In the first research project, a selective nitrogen insertion methodology for the synthesis of γ-lactams from cyclobutanones was explored. Analogies between an aza-Baeyer-Villiger reaction and the corresponding oxygen insertion were identified in terms of regioselectivity and stereospecificity. Consecutively, the mild nature and synthetic applicability of the protocol was demonstrated by exploration of a substrate scope including the transformation of α-substituted cyclobutanones and the gram scale synthesis of 4-phenylpyrrolidin-2-one.

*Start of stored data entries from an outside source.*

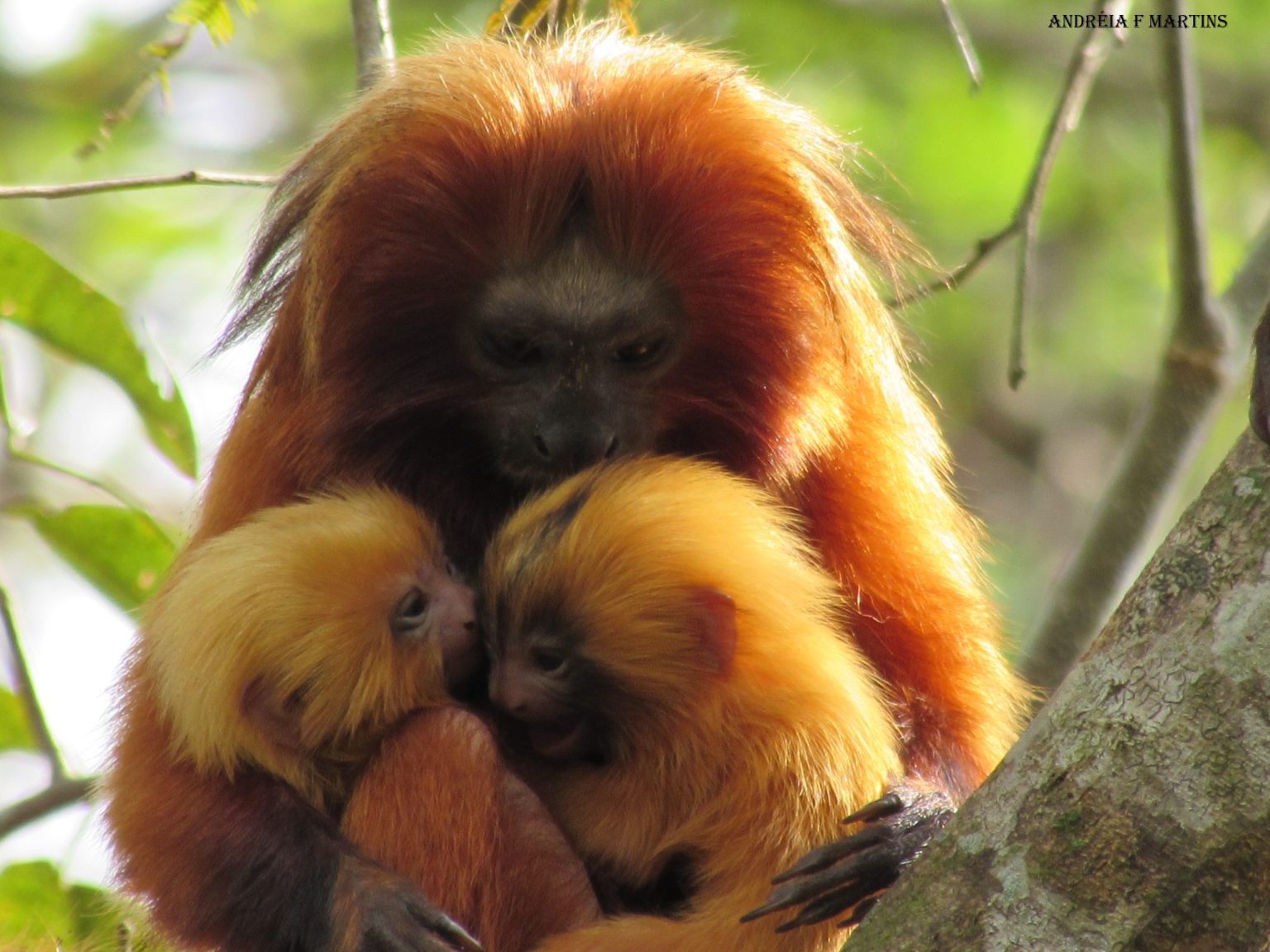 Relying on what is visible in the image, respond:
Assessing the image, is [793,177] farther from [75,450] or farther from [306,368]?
[75,450]

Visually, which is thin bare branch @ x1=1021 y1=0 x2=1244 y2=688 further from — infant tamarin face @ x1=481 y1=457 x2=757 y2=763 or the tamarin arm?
the tamarin arm

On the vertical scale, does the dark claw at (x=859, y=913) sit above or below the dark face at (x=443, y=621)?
below

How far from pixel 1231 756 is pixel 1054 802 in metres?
0.28

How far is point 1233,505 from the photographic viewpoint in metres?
2.58

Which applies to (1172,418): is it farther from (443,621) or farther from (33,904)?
(33,904)

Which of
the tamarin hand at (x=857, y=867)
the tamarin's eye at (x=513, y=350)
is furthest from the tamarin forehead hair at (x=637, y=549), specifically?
the tamarin hand at (x=857, y=867)

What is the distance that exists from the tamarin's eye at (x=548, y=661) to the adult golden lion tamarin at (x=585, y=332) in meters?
0.45

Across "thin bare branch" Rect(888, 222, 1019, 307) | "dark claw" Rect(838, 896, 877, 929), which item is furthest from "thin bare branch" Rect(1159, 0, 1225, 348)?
"dark claw" Rect(838, 896, 877, 929)

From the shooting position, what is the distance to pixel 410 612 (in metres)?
3.68

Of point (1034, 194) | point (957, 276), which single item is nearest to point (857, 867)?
point (957, 276)

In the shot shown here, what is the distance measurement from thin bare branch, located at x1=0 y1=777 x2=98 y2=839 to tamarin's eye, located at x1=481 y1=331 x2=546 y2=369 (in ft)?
5.98

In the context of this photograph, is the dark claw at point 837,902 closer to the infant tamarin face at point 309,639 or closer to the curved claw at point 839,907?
the curved claw at point 839,907

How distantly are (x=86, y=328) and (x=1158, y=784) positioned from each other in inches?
135

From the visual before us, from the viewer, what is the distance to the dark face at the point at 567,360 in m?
3.81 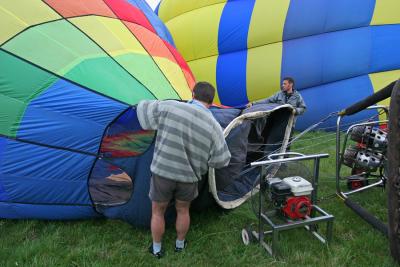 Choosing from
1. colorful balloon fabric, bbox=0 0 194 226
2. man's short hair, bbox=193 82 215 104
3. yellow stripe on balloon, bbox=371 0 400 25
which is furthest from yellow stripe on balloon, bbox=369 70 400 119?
man's short hair, bbox=193 82 215 104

During the second research project, a catalytic asymmetric nitrogen incorporation approach was developed based on the previous studies. Chiral phosphoric acids were identified to effectively catalyse the asymmetric condensation between 3-substituted cyclobutanones and amine reagents. The influence of amine substitution and the effect of varying solvents and temperature on the selectivity of the reaction were investigated. Several previously unknown axially chiral cyclobutanone oxime esters were accessed in good enantioselectivities and yields. Application of the developed protocol enabled transformation of substrates bearing versatile aryl and alkyl substituents. Additionally, the reaction of substrates with varying ring sizes, such as cyclopentanones and cyclohexanones, was successfully performed.

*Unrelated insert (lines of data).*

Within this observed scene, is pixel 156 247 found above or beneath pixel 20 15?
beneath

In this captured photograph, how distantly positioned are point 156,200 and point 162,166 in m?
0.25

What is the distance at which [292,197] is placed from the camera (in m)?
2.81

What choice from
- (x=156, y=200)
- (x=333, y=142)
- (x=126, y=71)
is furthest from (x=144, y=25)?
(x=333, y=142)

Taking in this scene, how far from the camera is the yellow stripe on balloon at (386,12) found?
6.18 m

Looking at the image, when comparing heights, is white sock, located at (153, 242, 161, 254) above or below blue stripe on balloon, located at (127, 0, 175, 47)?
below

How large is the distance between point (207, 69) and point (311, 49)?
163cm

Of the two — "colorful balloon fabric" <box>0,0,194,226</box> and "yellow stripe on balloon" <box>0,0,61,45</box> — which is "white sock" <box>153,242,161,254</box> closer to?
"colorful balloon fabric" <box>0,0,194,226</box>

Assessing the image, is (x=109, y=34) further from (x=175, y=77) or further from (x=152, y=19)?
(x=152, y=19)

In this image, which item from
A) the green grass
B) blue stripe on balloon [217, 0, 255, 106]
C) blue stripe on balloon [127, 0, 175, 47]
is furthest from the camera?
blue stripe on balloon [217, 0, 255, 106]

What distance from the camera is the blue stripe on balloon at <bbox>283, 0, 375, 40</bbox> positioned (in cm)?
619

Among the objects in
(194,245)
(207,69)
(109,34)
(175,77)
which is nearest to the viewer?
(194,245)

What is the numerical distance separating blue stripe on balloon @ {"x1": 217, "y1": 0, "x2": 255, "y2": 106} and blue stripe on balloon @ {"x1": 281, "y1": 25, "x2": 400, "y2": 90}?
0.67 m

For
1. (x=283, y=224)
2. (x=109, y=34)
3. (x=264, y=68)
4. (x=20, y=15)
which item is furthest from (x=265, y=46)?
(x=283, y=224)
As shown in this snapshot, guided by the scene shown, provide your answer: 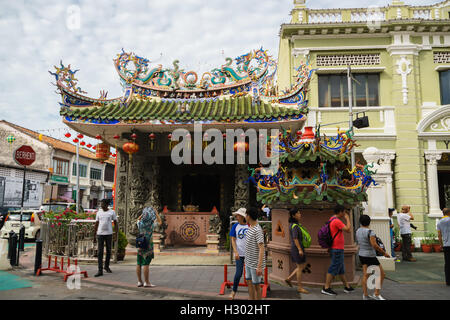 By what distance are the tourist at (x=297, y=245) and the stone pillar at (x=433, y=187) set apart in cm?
1084

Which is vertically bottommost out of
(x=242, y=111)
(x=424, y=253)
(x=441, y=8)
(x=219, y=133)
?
(x=424, y=253)

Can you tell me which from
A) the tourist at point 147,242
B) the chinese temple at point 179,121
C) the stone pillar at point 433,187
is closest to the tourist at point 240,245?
the tourist at point 147,242

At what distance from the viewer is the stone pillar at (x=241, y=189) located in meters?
11.9

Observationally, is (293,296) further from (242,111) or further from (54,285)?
(242,111)

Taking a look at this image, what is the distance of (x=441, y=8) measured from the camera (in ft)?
52.3

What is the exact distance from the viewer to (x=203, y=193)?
1370cm

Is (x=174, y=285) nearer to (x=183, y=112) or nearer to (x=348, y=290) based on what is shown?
(x=348, y=290)

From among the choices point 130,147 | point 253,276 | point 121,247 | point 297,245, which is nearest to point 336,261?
point 297,245

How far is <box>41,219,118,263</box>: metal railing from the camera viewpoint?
9281mm

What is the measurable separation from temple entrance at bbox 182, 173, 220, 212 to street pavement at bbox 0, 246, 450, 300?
4202mm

Following on these results, novel strategies for the conversion of axial-to-point chirality by transformation of the previously formed oxime esters were provided in a third research project. Stereospecific chirality transfer enabled the synthesis of point chiral γ-lactams via Lewis acid-induced ring-expansion rearrangement of axially chiral cyclobutanone oxime esters. Furthermore, the usability of the nitrogen-containing molecules in ring-opening and ring-contraction reactions to obtain chiral nitriles was evaluated. An interesting base-induced rearrangement resulting in the formation of chiral cyclopropane nitriles was discovered. Fine-tuning of the reaction parameters facilitated the highly selective access to cis- and trans-diastereoisomers. Combination with the previously developed asymmetric condensation approach achieved the stereodivergent synthesis of all four cyclo-propane isomers from simple cyclobutanone precursors in a one-pot protocol. Finally, the synthetic utility of the developed methodology was highlighted by the formal synthesis of an FDA-approved drug candidate.